**What you are asked to do**
No pictures go into the output, which should consist only of the lines from the first line of the data through the line with "Nordic Durable Plastic", copied exactly.

**Collected material**

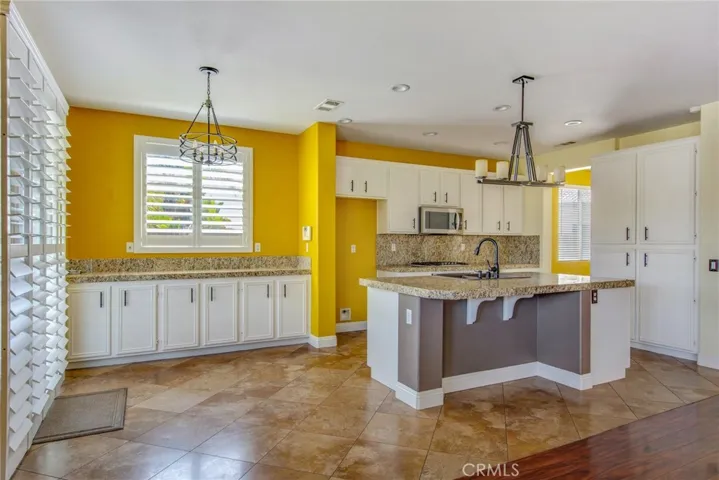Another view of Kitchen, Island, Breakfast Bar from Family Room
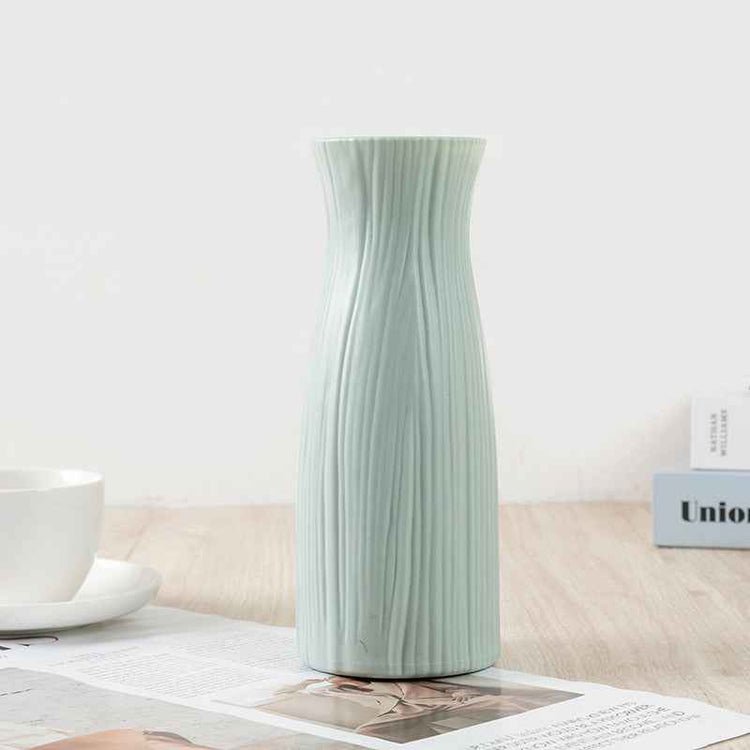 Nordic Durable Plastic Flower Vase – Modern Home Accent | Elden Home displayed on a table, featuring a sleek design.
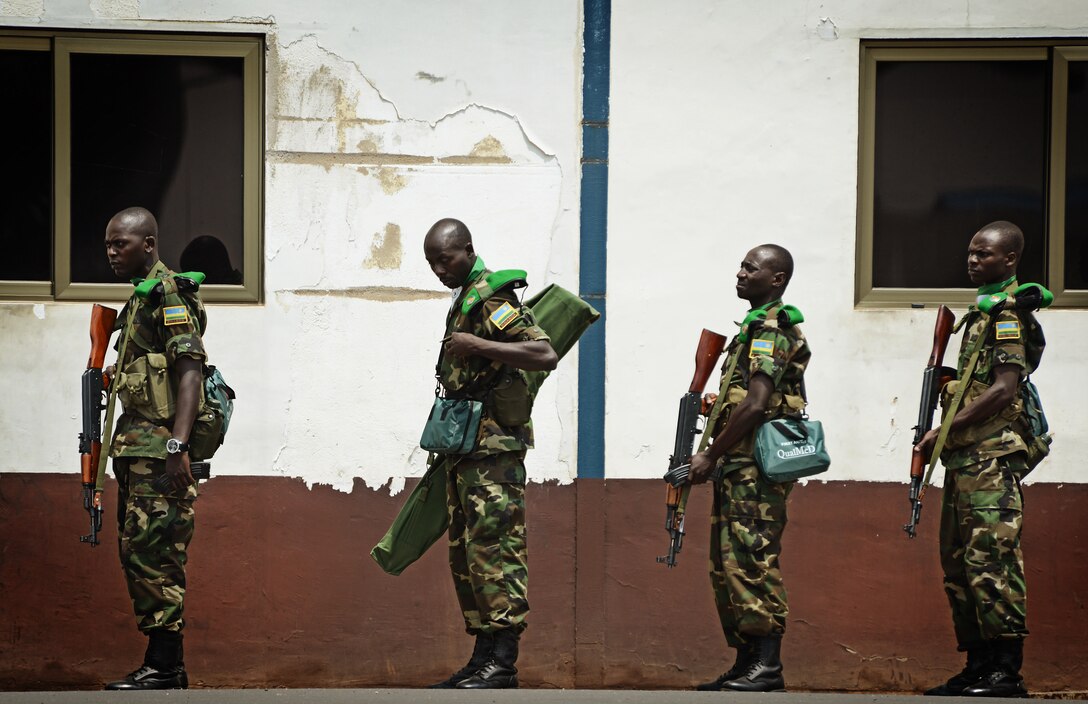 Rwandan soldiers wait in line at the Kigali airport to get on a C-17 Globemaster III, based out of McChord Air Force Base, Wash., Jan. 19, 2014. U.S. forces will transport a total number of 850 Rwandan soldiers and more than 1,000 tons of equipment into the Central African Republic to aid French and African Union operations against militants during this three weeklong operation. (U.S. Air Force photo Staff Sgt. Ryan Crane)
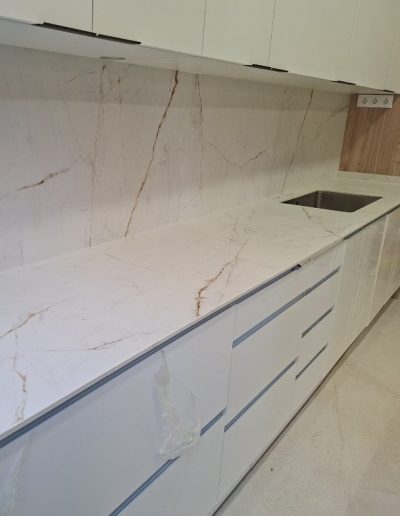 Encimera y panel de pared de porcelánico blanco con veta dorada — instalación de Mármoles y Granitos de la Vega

**Finished exercise**
Another view of Kitchen, Island, Breakfast Bar from Family Room
 Nordic Durable Plastic Flower Vase – Modern Home Accent | Elden Home displayed on a table, featuring a sleek design.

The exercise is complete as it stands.